# cracking grain



## FaziesAuzzieBrewzies (29/10/14)

Has anybody used a thermomix to crack grain?


----------



## sp0rk (29/10/14)

You can use a blender to crack grain, but it takes ages and doesn't give a very good crush
Invest $150 in a Keg King grinder (or a higher spec one if you have the dosh), it's well worth the investment
If you are going to use the blender, hold it on an angle, it helps recirculate the grain better


----------



## DU99 (29/10/14)

Could invest in one of these units


----------



## sp0rk (29/10/14)

Yep, that's the KK one
And a whole lot cheaper than KK are selling it for, that seller must be buying them in mega bulk


----------



## nic0 (30/10/14)

Well you can turn grain into flour with the thermomix so if you were careful you could crack grain with it.


----------



## Yob (30/10/14)

I found blender type devices to be pretty inconsistent, some bits flour some un cracked grains, if you are BIABing then its less of an issue with the flour but in the end a good quality mill will serve you better for longer (less cleaning too)


----------



## Spiesy (30/10/14)

Just get a mill, mate.


----------



## MHB (30/10/14)

Think about it this way, the crack is the first place you have real control of the whole process.
A good crack can easily make 10% difference to your efficiency, that means that every 10th grain bill could be effectively free.
Probably less important in BIAB than 3V but a good crack can make an hours difference on a brew day, doesn't take a lot of hours to make up the cost of a mill.
Get a decent mill, or choose a retailer who can crack the way you want.
Mark


----------



## manticle (30/10/14)

If you're doing partial mashes or just using small amounts of spec grain, the easiest way is just to order it cracked.

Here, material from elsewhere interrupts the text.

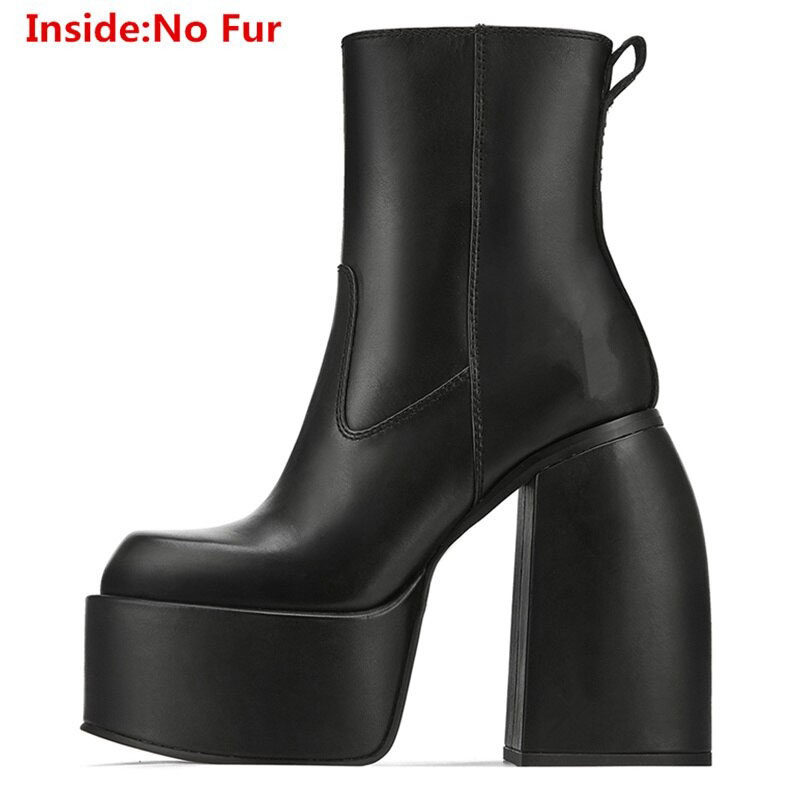 Luxury Genuine Leather Boots with Square Heel / Women Zipper Ankle Boots / Thick Platform Shoes - HARD'N'HEAVY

When I was in that situation and buying from a shop that didn't crack (I knew much less then), I tried all sorts of alternative methods like rolling pins, coffee grinders, etc.

Big pain in balls. Now I often buy grain in bulk so I have my own mill but I also deal with a store that will crack to order.


----------



## QldKev (30/10/14)

+1 on a decent mill.

I'd buy a decent brand one with a long term reliability record. Crankenstein, Monster Mill and if you want stainless steel geared rollers then the Aussie built Mill Master. With the US ones if you can find someone else who wants one, then ordering 2 will save a lot on post.


----------



## TheWiggman (30/10/14)

nic0 said:


> Well you can turn grain into flour with the thermomix so if you were careful you could crack grain with it.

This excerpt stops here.